Terry “Big T” Williams to headline Black History Month celebration at Black River Technical College
Terry “Big T” Williams spent his childhood living on a plantation in Farrell, Miss. It was the 1960s and the Civil Rights movement was afoot across his state and the rest of the country. He spent many nights listening to artists such as Muddy Waters and B.B. King, dreaming of the day when he would become a famed Blues musician himself.
Eventually he got his chance, and now he’s one of the most well-known folk artists from the Mississippi Delta.
Williams will be the headline act at the Black River Technical College’s Black History Month celebration Feb. 24.
“A Conversation with the Blues,” will feature Williams on lead guitar and vocals and Jerry Bone on bass guitar. Mike Doyle, retired KASU manager and ASU instructor, will introduce the featured guests and discuss the roots of the Blues and how the Blues has influenced music.

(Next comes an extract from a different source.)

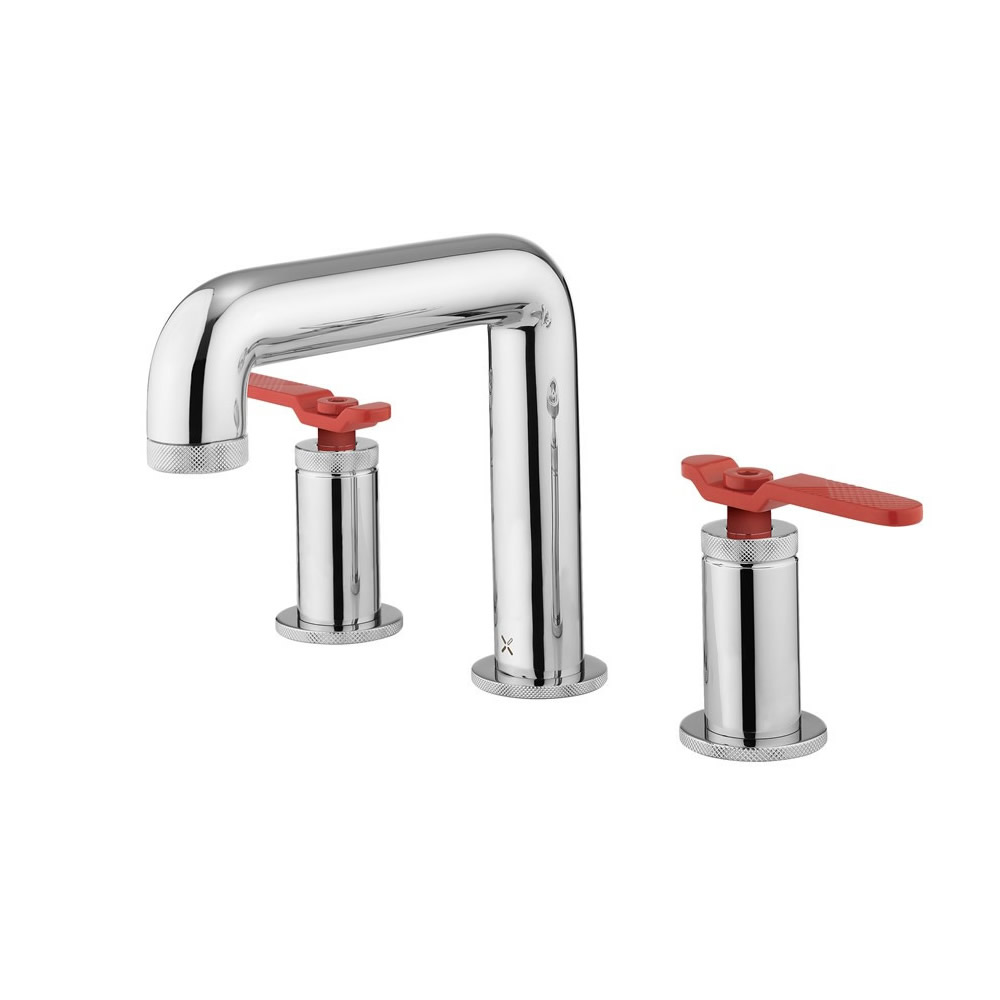 UNION Three Hole Deck Mounted Basin Set Chrome Red Levers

When he was 12 years old, the Jelly Roll Kings (Big Jack Johnson, Frank Frost and Sam Carr) took Williams under their wing and eventually took him on the road with them. Williams’s dream of fronting his own band soon came true, and over the years he has been a member of several bands, including The Creative Funk, The Stone Gas Band, and Big T & The Family Band. He currently resides in Clarksdale, Miss., where he was born, and plays gigs all over the U.S. with his current band, Big T and his Review Band.
Jerry Bone of Oxford, Ark., is one of this region’s most experienced blues and rock musicians. A bass guitarist who is respected by band members from the Arkansas/Missouri Ozarks to the Mississippi Delta, Bone was a member in the 1990s of The Famous Unknowns, a band selected by B.B. King as the house band for the Memphis, Tenn., nightclub that bears King’s name. Over a decade ago, he became the bassist for Batesville’s Lockhouse Orchestra which has performed tribute concerts to The Beatles, Rolling Stones, Fleetwood Mac, The Eagles, Levon Helm, and The Band.
Mike Doyle, who will serve as emcee and moderator for the event, retired from management of KASU in Jonesboro, the NPR public radio station for this region. Doyle was a co-founding producer/host of Arkansas Roots, the station’s noon hour program that focuses on Arkansas’ music heritage and current scene. He still produces segments for Arkansas Roots and the weekly Music from the Isles, a Celtic music hour. He also taught in Arkansas State University’s Department of Journalism and Media for 35 years before retiring in 2018.
The event is free and open to the public in the Randolph County Development Center on the BRTC Pocahontas campus. The event is made possible by the BRTC Foundation and the Eddie Mae Herron Center.